» Activity
Once you reach the line containing "4 BEDROOM HOUSE FOR SALE IN BEYERS PARK" in the entries below, write out that line and each one after it down to the line containing "Rose Redwood online", exactly and with nothing added.

(Data excerpts)
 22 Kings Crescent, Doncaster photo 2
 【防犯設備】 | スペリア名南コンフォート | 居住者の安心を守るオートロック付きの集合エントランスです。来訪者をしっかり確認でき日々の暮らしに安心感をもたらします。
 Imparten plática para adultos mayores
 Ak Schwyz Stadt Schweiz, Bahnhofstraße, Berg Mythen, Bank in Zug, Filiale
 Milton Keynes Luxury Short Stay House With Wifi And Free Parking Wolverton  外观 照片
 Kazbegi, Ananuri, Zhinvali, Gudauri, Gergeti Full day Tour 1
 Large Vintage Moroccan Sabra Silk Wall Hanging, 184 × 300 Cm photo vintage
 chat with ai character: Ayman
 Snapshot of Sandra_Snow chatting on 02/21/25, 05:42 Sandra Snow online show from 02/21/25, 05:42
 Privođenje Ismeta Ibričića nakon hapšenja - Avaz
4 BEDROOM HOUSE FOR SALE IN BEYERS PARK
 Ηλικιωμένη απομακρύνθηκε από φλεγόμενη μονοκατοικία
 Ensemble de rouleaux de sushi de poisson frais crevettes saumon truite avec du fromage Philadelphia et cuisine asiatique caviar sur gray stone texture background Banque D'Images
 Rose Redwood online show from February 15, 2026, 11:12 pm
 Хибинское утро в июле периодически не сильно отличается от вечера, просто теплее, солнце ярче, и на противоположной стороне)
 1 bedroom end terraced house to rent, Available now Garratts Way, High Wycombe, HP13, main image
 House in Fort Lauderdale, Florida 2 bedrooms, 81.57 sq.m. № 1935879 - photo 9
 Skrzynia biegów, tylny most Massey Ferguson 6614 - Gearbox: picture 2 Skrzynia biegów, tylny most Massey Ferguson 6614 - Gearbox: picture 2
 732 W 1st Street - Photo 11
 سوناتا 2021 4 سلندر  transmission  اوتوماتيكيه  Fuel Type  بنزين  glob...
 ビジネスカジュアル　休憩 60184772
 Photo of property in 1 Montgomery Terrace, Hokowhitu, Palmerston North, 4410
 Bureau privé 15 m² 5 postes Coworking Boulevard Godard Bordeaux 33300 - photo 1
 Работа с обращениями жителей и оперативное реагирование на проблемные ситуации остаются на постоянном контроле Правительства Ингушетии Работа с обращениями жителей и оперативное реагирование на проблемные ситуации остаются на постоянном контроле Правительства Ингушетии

» Response to this exercise
4 BEDROOM HOUSE FOR SALE IN BEYERS PARK
 Ηλικιωμένη απομακρύνθηκε από φλεγόμενη μονοκατοικία
 Ensemble de rouleaux de sushi de poisson frais crevettes saumon truite avec du fromage Philadelphia et cuisine asiatique caviar sur gray stone texture background Banque D'Images
 Rose Redwood online show from February 15, 2026, 11:12 pm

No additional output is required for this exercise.